O registro nacional conta atualmente com 3,240 milhões de doadores, com forte participação de pessoas miscigenadas. “Talvez o Brasil seja hoje o país que registre a maior participação desse tipo. É muito mais que o registro alemão ou o norte-americano, que têm participação maior de caucasianos do que de doadores miscigenados”. De acordo com o médico, esse dado é analisado a cada ano, com a entrada de novos doadores. Nos últimos dois anos, entraram de 270 mil a 300 mil novos doadores no Redome, a cada ano. “Sempre tem uma renovação e um acréscimo de características novas no registro”.
Para Aline, a autodeclaração da raça pelos doadores, ao fazerem o registro, “é um critério subjetivo”. Ela observou que, quando os hospitais fazem pesquisa de busca de doadores para pacientes, percebem que a compatibilidade é muito relacionada à questão da raça. “É muito difícil conseguir um doador compatível de raças diferentes, porque tem um impacto grande. Para brancos, é muito mais fácil encontrar doador, tanto entre os brasileiros quanto entre os doadores de outros países com predominância de brancos na população. "Isso é bem perceptível”, disse Aline.
Segundo a médica, é mais difícil conseguir doadores para pacientes descendentes de negros ou de outras raças. Embora não haja estatística definida, o problema se agrava em relação a pacientes indígenas ou descendentes de índios. Não se consegue encontrar doadores compatíveis também em outras partes do mundo”, destacou Aline, mesmo em países que têm um significativo percentual de negros na população, como os Estados Unidos. “O cadastro deles é um pouco deficiente de doadores dessa raça.
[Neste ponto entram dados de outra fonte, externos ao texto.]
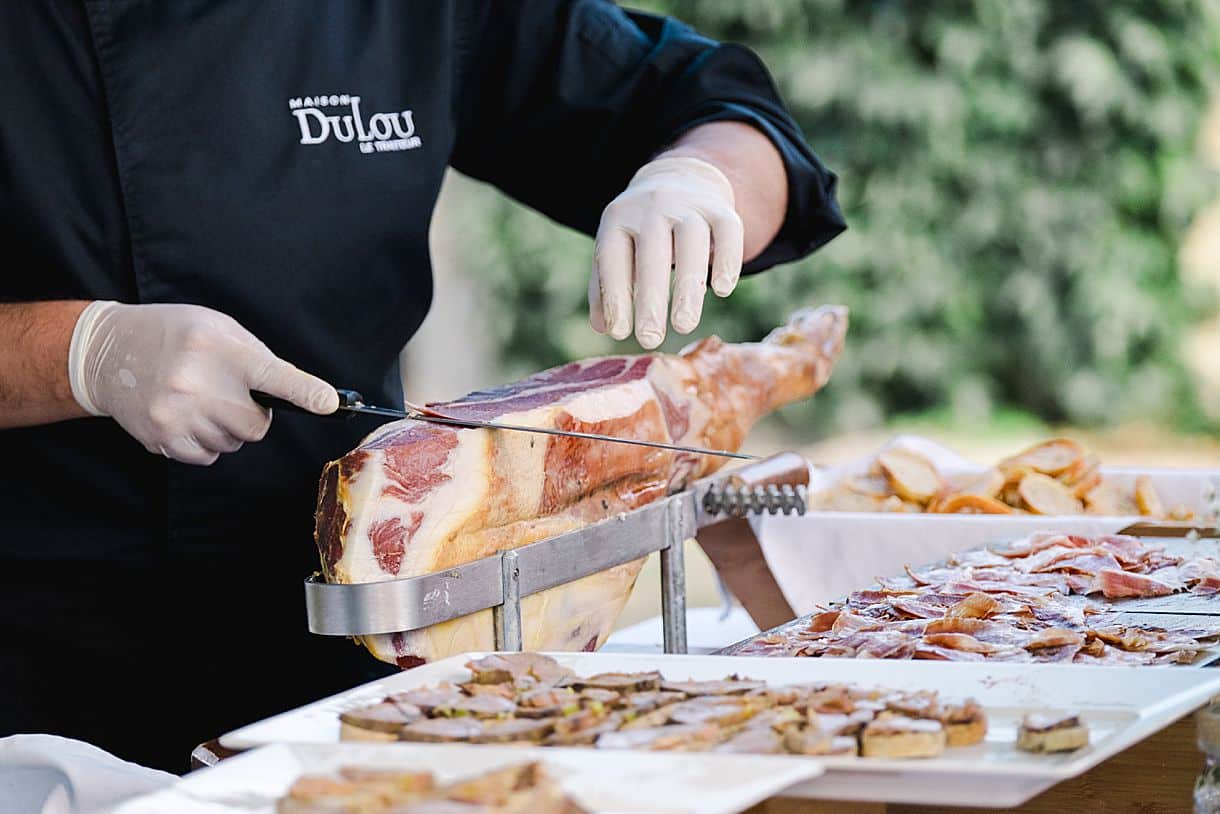 le traiteur dulou découpe le jambon pendant le mariage de marine et louis au chateau de birot pendant le cockail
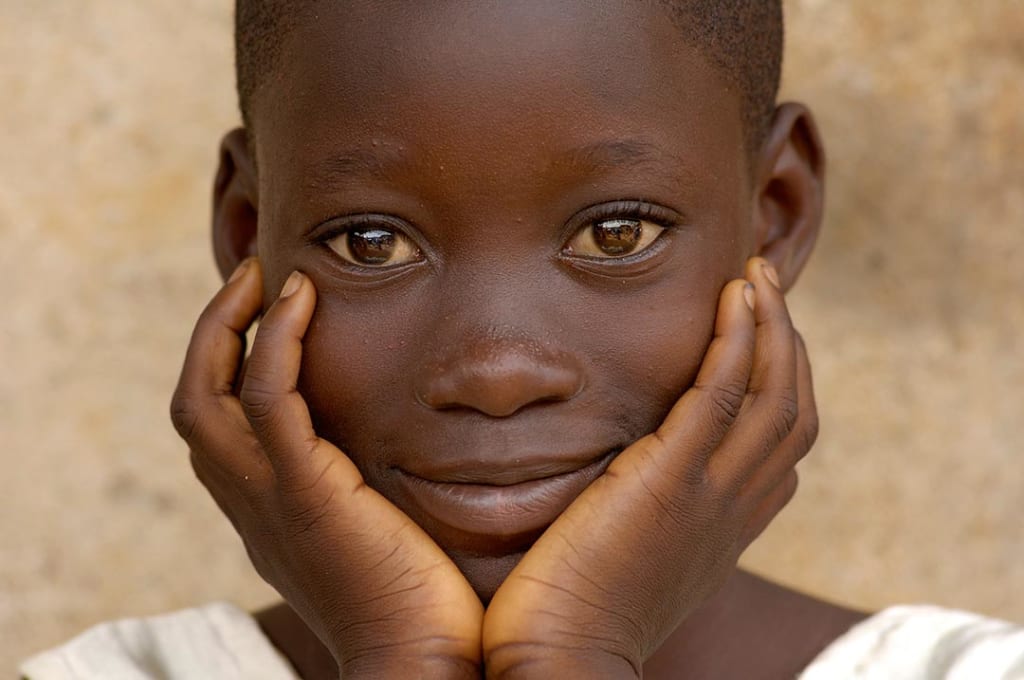 A child looks into the camera and smiles peacefully.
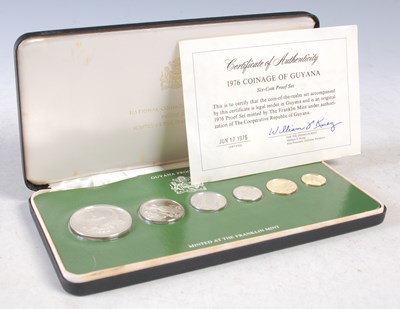 Lot 82 - Franklin Mint, a 1976 coinage of Guyana six...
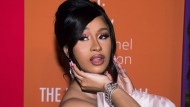 FILE - Cardi B appears at the 5th annual Diamond Ball benefit gala at Cipriani Wall Street in New York on Sept. 12, 2019. The Grammy-winning rapper resolved a yearslong criminal case stemming from a pair of brawls at New York City strip clubs by pleading guilty Thursday in a deal that requires her to perform 15 days of community service. (Photo by Mark Von Holden/Invision/AP, File)
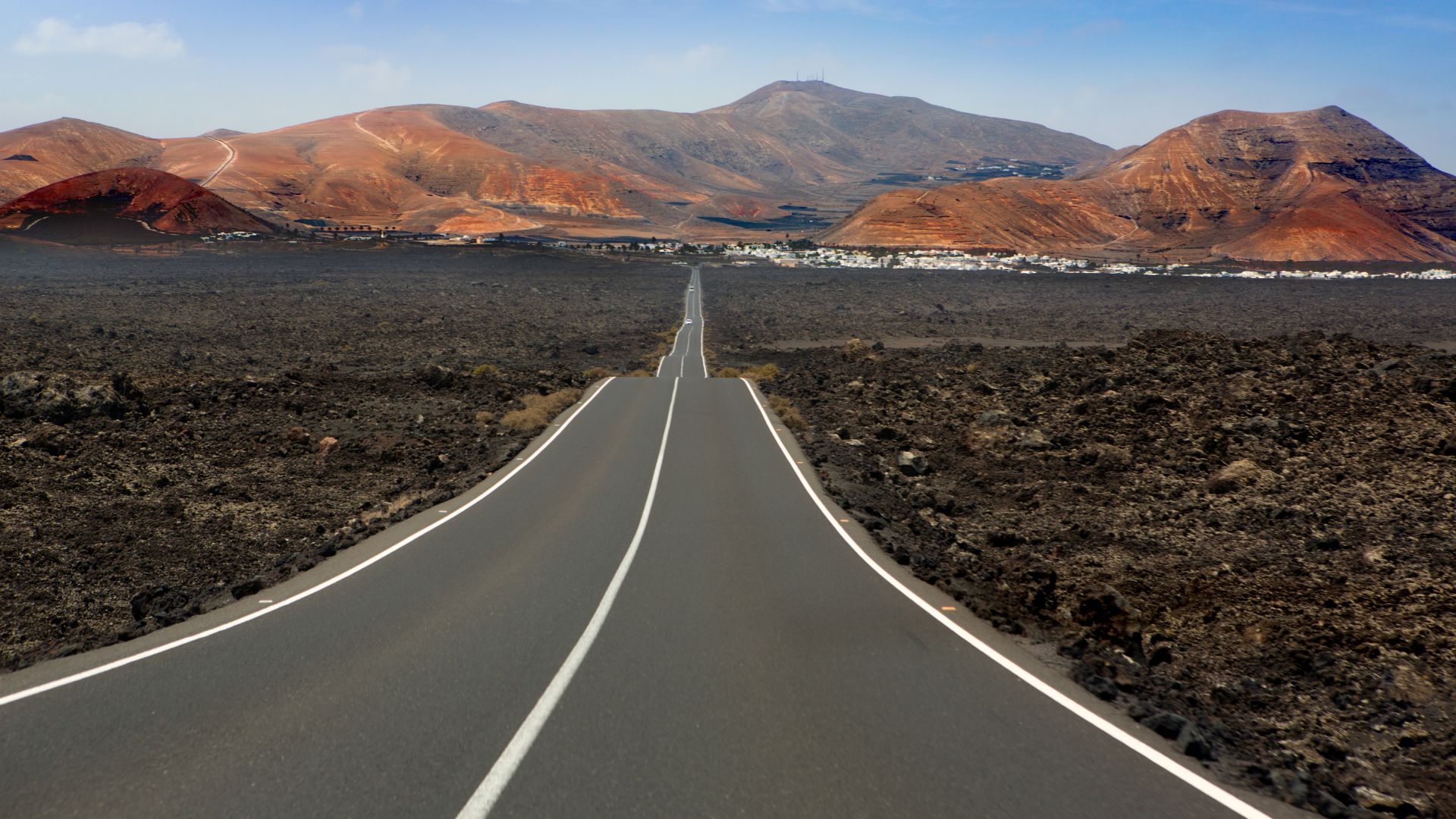 A straight road cuts through a vast, dark volcanic landscape towards reddish-brown mountains under a clear sky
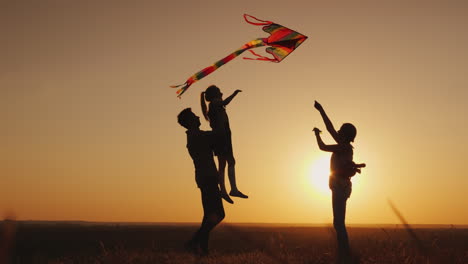 familia feliz jugando con una cometa al atardecer mamá papá e hija son felices juntos video 4k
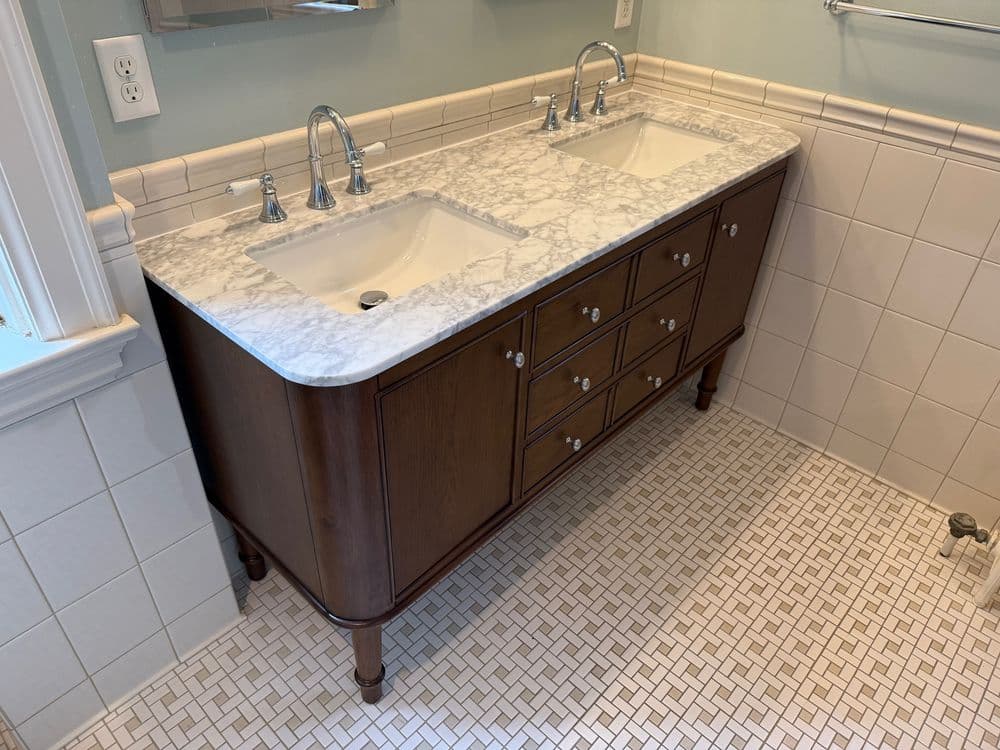 Double sink bathroom vanity with marble countertop and wooden cabinetry. Elegant and functional design.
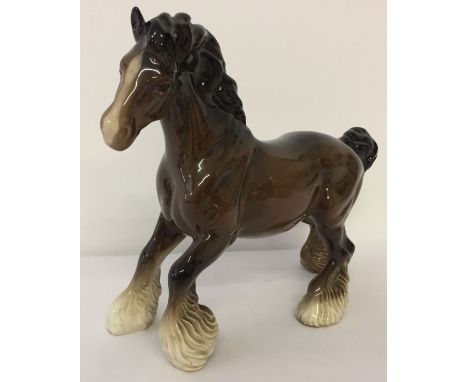 A Beswick ceramic Cantering Shire horse, in brown gloss finish.  Model #975, discontinued in 1989, designed by Arthur Greding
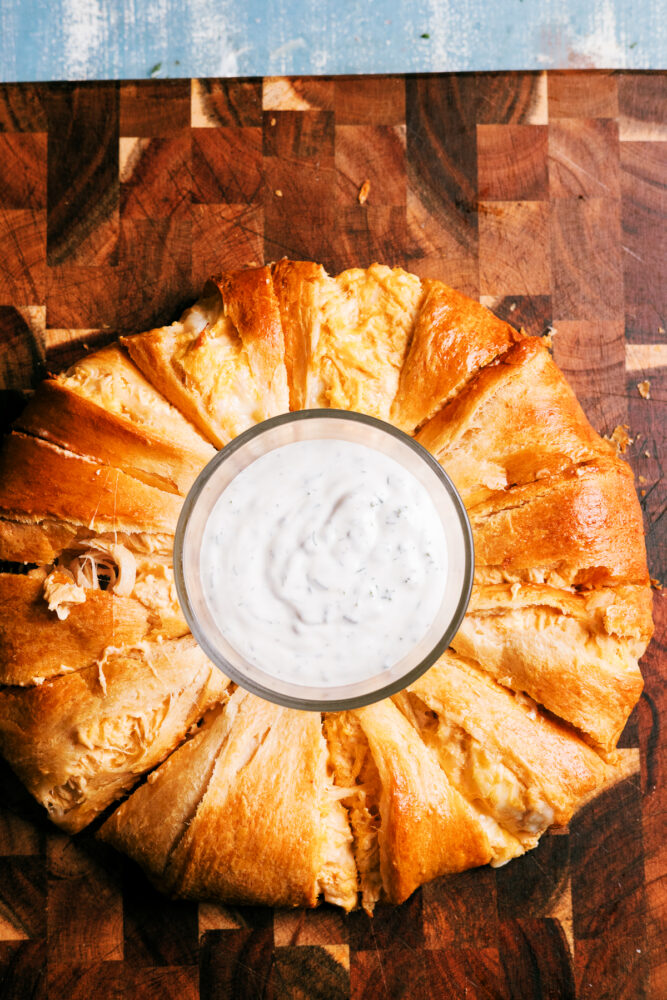 This Buffalo Chicken Crescent Ring checks all the boxes – it’s quick, packed with buffalo flavor, wrapped in  buttery crescent rolls that's perfect for feeding a crowd.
E de indígenas é mais difícil ainda".
Bouzas ressaltou, porém, que o número de doadores no Brasil não é pequeno perto da real necessidade do país, quando se trata de doadores das etnias negra, indígena e asiática, como indicou a hematologista. “Isso não é verdade”. A possibilidade de encontrar um doador para um brasileiro já ultrapassa 70% hoje. “Isso sem contar com a possibilidade dos bancos de sangue de cordão (umbilical) e de buscar um doador no exterior”.
A rede mundial tem em torno de 24 milhões de doadores. Bouzas informou que a chance dos brasileiros de encontrar um doador subiu de 10% a 12%, em 2003, para 76%, na última avaliação, feita nos dois últimos anos.
Ele é contra a divulgação de informações de maneira aleatória, como considerou ter sido feito por Aline Guilherme e disse que o correto é procurar analisar os registros com os dados genéticos, de naturalidade, ou seja, da origem dos doadores, e estimular campanhas localizadas. No ano passado, por exemplo, Bouzas disse que portaria do Ministério da Saúde elevou o teto para cadastramento na Bahia de 5 mil para 20 mil doadores. O estado tem forte participação de representantes da raça negra. “Então, é um estímulo a campanha naquela região”.
O Centro de Transplante de Medula Óssea está preparando campanhas para atrair doadores em nichos da população que precisam ser melhor representados no Redome.